In the early 1950s, Charles Oately and his students at the Engineering Laboratories of the University of Cambridge built a series of SEMs and solved the problems impeding the development of this microscope. Notably they devised the scintillator-photomultiplier electron detector to detect secondary electrons, an essential component of nearly every SEM built since. By 1958 an instrument with magnetic lenses, stigmator, and tilting specimen stage was completed and sold to the Canadian Pulp and Paper Research Institute.
Several companies were asked to manufacture the SEM. One of the manufacturers of transmission electron microscopes (TEMs) declined because the image resolution was not as good as the TEM (that company also declined to manufacture digital computers saying the market would be too small). In 1962 Cambridge Instruments decided to produce a commercial SEM based on the work of Oately’s group. Cambridge Instruments called their first SEM the “Stereoscan” because of the ease with which stunning stereo images could be produced. By the 1970s at least half a dozen companies produced SEMs in the US, Europe, and Japan.
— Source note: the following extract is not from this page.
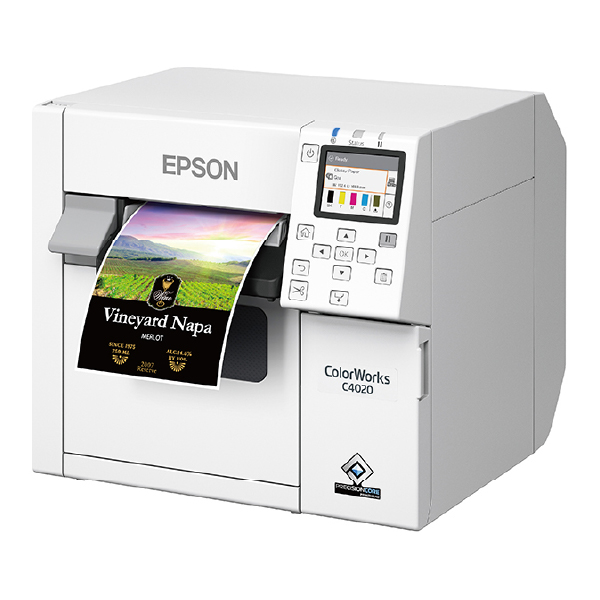 EPSON カラーラベルプリンター CW-C4020 M/G | リサイクルトナーや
The resolution of early instruments was about 20 nm at 20 keV; however, every few years an important innovation would make the SEM more useful. The field emission electron gun improved image resolution by an order of magnitude, the addition of the energy-dispersive X-ray spectrometer allowed detection of specimen elements, variable-pressure instruments allowed imaging of hydrated specimens, and electron backscattered diffraction attachments provided information about crystal orientation and phase identification. Modern instruments now provide sub-nanometer image resolution at 1 keV.
Some estimates indicate that there are over 50,000 SEMs in the world today. They are the imaging and analysis workhorses in many fields of research. Open the champagne and give a toast to 50 years of commercial SEMs!